[Mlir-commits] [mlir] [MLIR][XeGPU] Extend SGMapAttr and Add ConvertLayoutOp (PR #132425)
Chao Chen
llvmlistbot at llvm.org
Tue Apr 8 15:03:56 PDT 2025
================
@@ -154,33 +154,128 @@ def XeGPU_FenceScopeAttr:
let assemblyFormat = "$value";
}
-def XeGPU_SGMapAttr : XeGPUAttr<"SGMap", "sg_map"> {
+def XeGPU_LayoutAttr : XeGPUAttr<"Layout", "layout"> {
let summary = [{
- Describes the mapping between work item (WI) and the 2D tensor specified by the tensor descriptor.
+ Describes the data distribution to subgroups and work-items for a tensor
+ specified by the tensor descriptor.
}];
let description = [{
- To distribute the XeGPU operation to work items, the tensor_desc must be specified with the sg_map
- attribute at the tensor description creation time.
- Within the `sg_map`, `wi_layout` specifies the layout of work items,
- describing the mapping of work items to the tensor.
- wi_layout[0] x wi_layout[1] must be equal to the total number of work items within a subgroup.
- `wi_data` specifies the minimum number of data elements assigned to each work item for a single distribution.
-
- E.g., #xegpu.sg_map<wi_layout = [1, 16], wi_data = [1, 1]>
- In this example, the subgroup has 16 work items in wi_layout=[1, 16],
- each accessing 1 element as specified by wi_data=[1, 1].
-
- `wi_data[0] * wi_data[1]` can be greater than 1, meaning that each work item operates on multiple elements,
- which is eventually lowered to "SIMT-flavor" vector, like SPIR-V vector or llvm vector, or packed to a storage data type.

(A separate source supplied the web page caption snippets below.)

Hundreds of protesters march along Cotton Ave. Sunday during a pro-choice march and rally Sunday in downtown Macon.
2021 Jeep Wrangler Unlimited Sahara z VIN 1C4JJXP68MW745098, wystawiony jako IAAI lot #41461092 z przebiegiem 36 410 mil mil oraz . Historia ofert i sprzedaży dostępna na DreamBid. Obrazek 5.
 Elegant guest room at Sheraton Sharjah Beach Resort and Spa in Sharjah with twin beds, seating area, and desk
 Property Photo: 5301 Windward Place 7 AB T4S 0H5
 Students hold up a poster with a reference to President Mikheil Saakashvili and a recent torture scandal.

- The multiple elements indicated by `wi_data` can only be from one dimension and must be contiguous in the memory along either dimension.
+ XeGPU operations use `LayoutAttr` to define how data is distributed across subgroups and work-items.
+ This attribute is specified in tensor descriptors during tensor description creation. `LayoutAttr`
+ includes the following parameters:
+
+ * `sg_layout`: Specifies the total number of subgroups and their layout within a workgroup.
+ It is mandatory for workgroup-level programming. Its presence implies workgroup-level code.
+ * `sg_data`: Defines the data size accessed per subgroup. It is optionally used with `sg_layout`
+ for workgroup-level programming. When it is left empty, the size accessed per subgroup can be
+ derived from the tensor shape and `sg_layout` using the formula:
+ `sg_data[i] = tensor_shape[i] / sg_layout[i]`.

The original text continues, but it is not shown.